CEO da Alcatel-Lucent quer empresa com foco em software


Segunda etapa de plano de turnaround tocado por Michel Combes prevê crescimento com diversificação de clientes e novas atribuições até mesmo para o laboratório de P&D da empresa.

Após um período de dificuldades, em que a empresa ficou à beira da falência, a Alcatel-Lucent se diz preparada para voltar a crescer e a competir por inovação no mercado de infraestrutura de rede de telecom. A estratégia da segunda fase do Shift Plan, o plano de turnaround iniciado por Michel Combes, CEO, 18 meses atrás, é buscar crescimento em novos mercado, diversificar a oferta de produtos e, até, tonar a Alcatel-Lucent uma empresa mais focada em software do que em hardware.

Para isso, a intenção é depender um pouco menos da demanda das prestadoras de serviço e atrair novos clientes, como o setor corporativo (das 400 maiores empresas do mundo) e governamental.

“Voltamos ao jogo, e voltamos para ganhar”, resumiu Combes ao final de uma apresentação no Technology Symposium, encontro anual com analistas e imprensa organizado pela empresa, em New Jersey*.

A primeira fase do shift plan foi dura, admite Combes. “Tinha o objetivo de definir um novo foco, reestruturar e recapitalizar a empresa”, lembrou. Neste período, a ALU deixou de ser uma fornecedora de todo tipo de solução para se concentrar em áreas específicas, especialmente LTE small cells, IP routing, SDN/NFV.

“Vinte meses atrás estávamos com problemas financeiros. Quase falimos. Levantamos 5,5 bilhões de euros em transações nos últimos 9 meses e hoje temos um balanço forte e equilibrado”, diz. Segundo ele, a companhia já não possui mais ativos como garantia para credores.

Shift plan 2
A segunda etapa do plano de turnaround da companhia é apoiada em um tripé: crescimento, inovação e transformação. Combes delimita uma estratégia de diversificação de serviços, mas sem perder o foco das principais áreas em que a Alcatel-Lucent atua.

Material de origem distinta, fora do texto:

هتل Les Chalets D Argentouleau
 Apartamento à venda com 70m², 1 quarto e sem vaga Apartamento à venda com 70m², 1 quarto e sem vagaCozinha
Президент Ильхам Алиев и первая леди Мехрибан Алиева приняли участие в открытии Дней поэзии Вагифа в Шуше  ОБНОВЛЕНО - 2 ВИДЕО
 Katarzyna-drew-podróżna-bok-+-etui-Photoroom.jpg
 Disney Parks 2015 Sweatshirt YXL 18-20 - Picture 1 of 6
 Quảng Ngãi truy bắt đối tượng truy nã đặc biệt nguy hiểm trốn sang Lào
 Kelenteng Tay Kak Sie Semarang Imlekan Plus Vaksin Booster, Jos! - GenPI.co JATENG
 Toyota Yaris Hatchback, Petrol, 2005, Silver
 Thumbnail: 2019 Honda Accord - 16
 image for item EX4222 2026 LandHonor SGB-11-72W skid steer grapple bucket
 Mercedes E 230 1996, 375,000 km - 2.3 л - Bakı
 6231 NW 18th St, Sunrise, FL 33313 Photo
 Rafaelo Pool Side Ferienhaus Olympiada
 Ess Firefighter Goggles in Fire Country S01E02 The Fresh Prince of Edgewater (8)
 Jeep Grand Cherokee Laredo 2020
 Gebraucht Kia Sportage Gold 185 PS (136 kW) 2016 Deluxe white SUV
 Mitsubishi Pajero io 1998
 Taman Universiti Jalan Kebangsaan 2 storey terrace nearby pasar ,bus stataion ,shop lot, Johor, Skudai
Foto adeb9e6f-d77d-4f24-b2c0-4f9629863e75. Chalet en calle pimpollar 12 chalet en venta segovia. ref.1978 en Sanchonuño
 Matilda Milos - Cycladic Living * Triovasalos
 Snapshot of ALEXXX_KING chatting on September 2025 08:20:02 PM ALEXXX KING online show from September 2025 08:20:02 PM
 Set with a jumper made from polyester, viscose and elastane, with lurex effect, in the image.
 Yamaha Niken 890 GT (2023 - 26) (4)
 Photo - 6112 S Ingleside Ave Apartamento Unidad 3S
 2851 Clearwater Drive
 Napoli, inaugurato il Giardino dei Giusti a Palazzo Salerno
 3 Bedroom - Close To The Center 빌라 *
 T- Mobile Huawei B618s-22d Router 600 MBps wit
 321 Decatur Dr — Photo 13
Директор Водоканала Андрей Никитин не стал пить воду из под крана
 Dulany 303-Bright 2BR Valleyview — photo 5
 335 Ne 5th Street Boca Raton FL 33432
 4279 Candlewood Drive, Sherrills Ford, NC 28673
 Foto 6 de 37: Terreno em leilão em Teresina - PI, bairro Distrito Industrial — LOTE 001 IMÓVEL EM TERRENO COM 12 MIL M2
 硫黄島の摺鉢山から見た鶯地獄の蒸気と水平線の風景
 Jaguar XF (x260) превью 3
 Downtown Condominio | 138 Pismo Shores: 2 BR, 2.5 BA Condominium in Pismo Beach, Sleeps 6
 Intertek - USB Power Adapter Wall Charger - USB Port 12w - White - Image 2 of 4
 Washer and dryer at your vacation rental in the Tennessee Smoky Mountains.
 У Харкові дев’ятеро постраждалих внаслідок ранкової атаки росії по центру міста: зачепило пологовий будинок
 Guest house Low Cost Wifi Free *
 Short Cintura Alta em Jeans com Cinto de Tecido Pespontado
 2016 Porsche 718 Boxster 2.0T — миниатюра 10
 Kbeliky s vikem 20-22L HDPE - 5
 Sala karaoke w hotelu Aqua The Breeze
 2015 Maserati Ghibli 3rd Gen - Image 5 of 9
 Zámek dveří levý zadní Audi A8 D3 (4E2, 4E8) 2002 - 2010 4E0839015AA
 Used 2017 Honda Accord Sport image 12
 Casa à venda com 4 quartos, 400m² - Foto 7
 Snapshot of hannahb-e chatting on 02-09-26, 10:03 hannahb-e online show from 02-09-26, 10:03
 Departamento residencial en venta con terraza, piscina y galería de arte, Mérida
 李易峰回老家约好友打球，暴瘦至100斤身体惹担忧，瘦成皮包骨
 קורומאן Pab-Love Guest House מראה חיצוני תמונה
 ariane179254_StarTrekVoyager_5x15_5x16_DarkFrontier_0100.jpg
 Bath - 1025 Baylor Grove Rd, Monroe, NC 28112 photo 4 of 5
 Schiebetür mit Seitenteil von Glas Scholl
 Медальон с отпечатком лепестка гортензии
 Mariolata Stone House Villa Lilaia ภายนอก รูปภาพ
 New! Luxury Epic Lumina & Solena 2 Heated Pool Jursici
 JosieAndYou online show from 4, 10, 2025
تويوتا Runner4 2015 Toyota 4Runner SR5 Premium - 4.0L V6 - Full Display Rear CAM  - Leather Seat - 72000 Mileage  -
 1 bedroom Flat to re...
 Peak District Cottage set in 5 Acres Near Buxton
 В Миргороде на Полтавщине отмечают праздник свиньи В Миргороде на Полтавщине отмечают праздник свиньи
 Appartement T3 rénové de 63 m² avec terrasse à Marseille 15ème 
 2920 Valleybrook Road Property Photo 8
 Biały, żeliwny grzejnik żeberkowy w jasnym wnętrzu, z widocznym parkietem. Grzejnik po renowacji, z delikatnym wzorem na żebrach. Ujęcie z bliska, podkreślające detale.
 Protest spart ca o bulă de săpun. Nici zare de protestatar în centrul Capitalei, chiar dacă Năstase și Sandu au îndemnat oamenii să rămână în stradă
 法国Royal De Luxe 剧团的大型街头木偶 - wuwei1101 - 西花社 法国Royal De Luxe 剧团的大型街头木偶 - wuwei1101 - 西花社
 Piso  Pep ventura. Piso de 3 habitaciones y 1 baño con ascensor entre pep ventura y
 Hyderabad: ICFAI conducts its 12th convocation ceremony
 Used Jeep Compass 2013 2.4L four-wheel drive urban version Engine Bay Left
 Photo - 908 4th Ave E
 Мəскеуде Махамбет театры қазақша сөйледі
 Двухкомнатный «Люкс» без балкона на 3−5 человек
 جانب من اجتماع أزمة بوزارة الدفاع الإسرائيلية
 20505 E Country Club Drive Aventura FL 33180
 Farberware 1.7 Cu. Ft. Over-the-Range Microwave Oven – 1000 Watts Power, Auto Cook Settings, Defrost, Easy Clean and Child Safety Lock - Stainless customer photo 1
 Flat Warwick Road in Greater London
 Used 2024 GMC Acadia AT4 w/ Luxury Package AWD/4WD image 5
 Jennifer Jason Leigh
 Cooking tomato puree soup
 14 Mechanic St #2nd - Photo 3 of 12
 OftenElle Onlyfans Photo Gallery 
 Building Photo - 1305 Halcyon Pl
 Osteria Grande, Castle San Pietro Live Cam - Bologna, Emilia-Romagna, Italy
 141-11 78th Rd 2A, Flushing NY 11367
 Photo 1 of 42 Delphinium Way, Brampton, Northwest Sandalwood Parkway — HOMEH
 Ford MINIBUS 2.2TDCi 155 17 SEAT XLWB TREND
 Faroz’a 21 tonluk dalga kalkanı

De acordo com o executivo, as empresas de telecomunicações, que por anos deixaram a expansão da rede de lado para investir em serviços, se voltam novamente para a infraestrutura. E a Alcatel-Lucent quer se beneficiar desta retomada de importância das redes.

Irá focar no desenvolvimento e oferta de serviços que permitam ampliação da rede, sem necessariamente dispensar a infraestrutura legada. O carro-chefe da empreitada devem ser as tecnologias Gfast, que une fibra óptica e cobre, e o Vplus, plataforma de vectoring, além das small cells. “Com essa estrutura conseguimos pavimentar o caminho para uma era de redes terabits”, defendeu.

Redes mais rápidas, com maior capacidade e maior capilaridade vão exigir um ferramental mais complexo para administrá-las. Por isso, a Alcatel-Lucent quer reforçar sua aposta no desenvolvimento de NFV e SDN.

Quanto à inovação, a empresa vai embarcar no desenvolvimento de tecnologias para redes de core. Vai manter as pesquisas em FTTX e hetnets, small cells 4,5G e 5G, virtualização, redes IP e pensar no que será a rede além 2020. O laboratório da empresa, o Bell Labs, também terá uma nova função: vai funcionar não apenas como um centro de pesquisa, mas ofertará serviços de consultoria para implementação tecnológica.

Para tudo isso, a empresa lança mão de parcerias. No desenvolvimento de small cells, a Qualcomm contribuiu para p desenvolvimento de novos produtos. A Freescale é a parceira para desenvolvimento de soluções em NFV, enquanto a Intel contribui para o hardware da virtualização. Outra parceira é a Accenture, que vai levar oferta de serviços corporativos da Alcatel-Lucent a seus clientes. Essas ações dfevem pavimentar o caminho para que a Alcatel-Lucent, nas palavras de Combes, se torne uma empresa de software, com foco na digitalização dos serviços.

*O repórter viajou a convite da Alcatel-Lucent.